Faculty of Natural Resources, University of Zabol, 98615, Zabol, Iran.
Environ Monit Assess. 2013 Oct;185(10):8649-58. doi: 10.1007/s10661-013-3201-8. Epub 2013 Apr 21.
This study investigates the applicability of multivariate statistical techniques including cluster analysis (CA), discriminant analysis (DA), and factor analysis (FA) for the assessment of seasonal variations in the surface water quality of tropical pastures. The study was carried out in the TPU catchment, Kuala Lumpur, Malaysia. The dataset consisted of 1-year monitoring of 14 parameters at six sampling sites. The CA yielded two groups of similarity between the sampling sites, i.e., less polluted (LP) and moderately polluted (MP) at temporal scale. Fecal coliform (FC), NO3, DO, and pH were significantly related to the stream grouping in the dry season, whereas NH3, BOD, Escherichia coli, and FC were significantly related to the stream grouping in the rainy season. The best predictors for distinguishing clusters in temporal scale were FC, NH3, and E. coli, respectively. FC, E. coli, and BOD with strong positive loadings were introduced as the first varifactors in the dry season which indicates the biological source of variability. EC with a strong positive loading and DO with a strong negative loading were introduced as the first varifactors in the rainy season, which represents the physiochemical source of variability.

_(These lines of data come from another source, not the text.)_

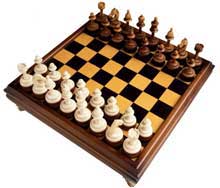 Міжнародний турнір із шахів стартував у закарпатському селищі Чинадійово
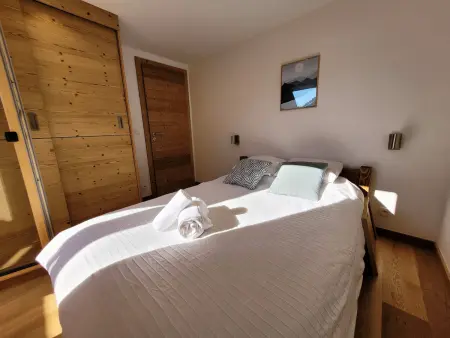 Appartement lumineux 5 pièces, confort pour 8 personnes, garage inclus - Photo 9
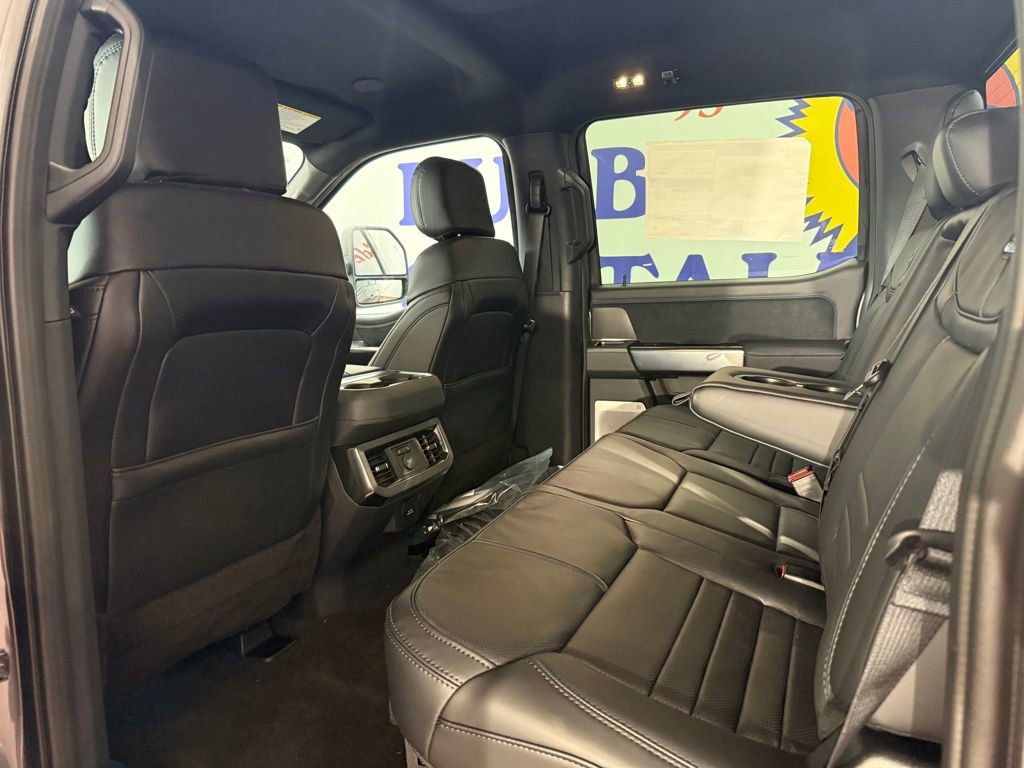 New 2026 Ford F250 Platinum image 20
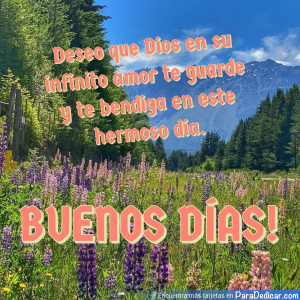 Buenos Días: Mensajes de Amor y Esperanza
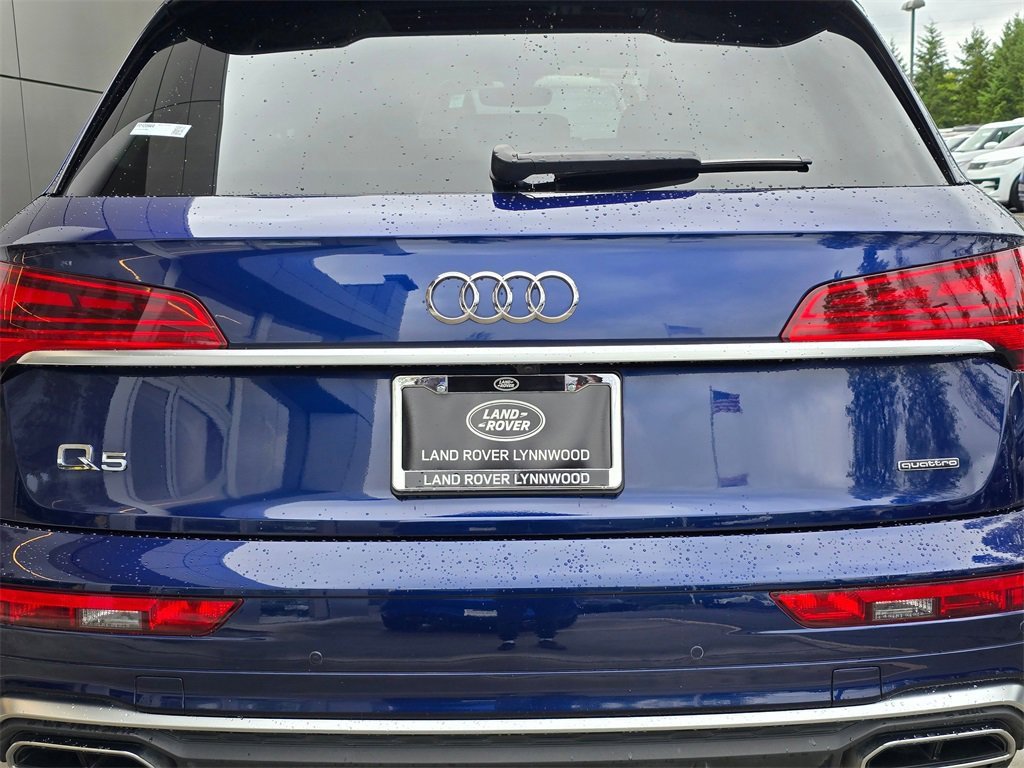 Used 2023 Audi Q5 2.0T Premium Plus image 9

Multivariate statistical techniques were effective analytical techniques for classification and processing of large datasets of water quality and the identification of major sources of water pollution in tropical pastures.
本研究探讨了多元统计技术(包括聚类分析(CA)、判别分析(DA)和因子分析(FA))在评估热带牧场地表水季节性变化中的适用性。该研究在马来西亚吉隆坡的 TPU 集水区进行。数据集包括在六个采样点进行的为期 1 年的 14 个参数监测。CA 在时间尺度上产生了两组采样点之间的相似性,即污染较少(LP)和中度污染(MP)。粪大肠菌群(FC)、NO3、DO 和 pH 在旱季与溪流分组显著相关,而 NH3、BOD、大肠杆菌和 FC 在雨季与溪流分组显著相关。区分时间尺度聚类的最佳预测因子分别为 FC、NH3 和 E. coli。FC、E. coli 和 BOD 具有很强的正负荷,被引入到旱季的第一个变异因子中,这表明了变异性的生物来源。EC 具有很强的正负荷和 DO 具有很强的负负荷,被引入到雨季的第一个变异因子中,代表了变异性的理化来源。多元统计技术是对水质大数据进行分类和处理以及识别热带牧场主要水污染来源的有效分析技术。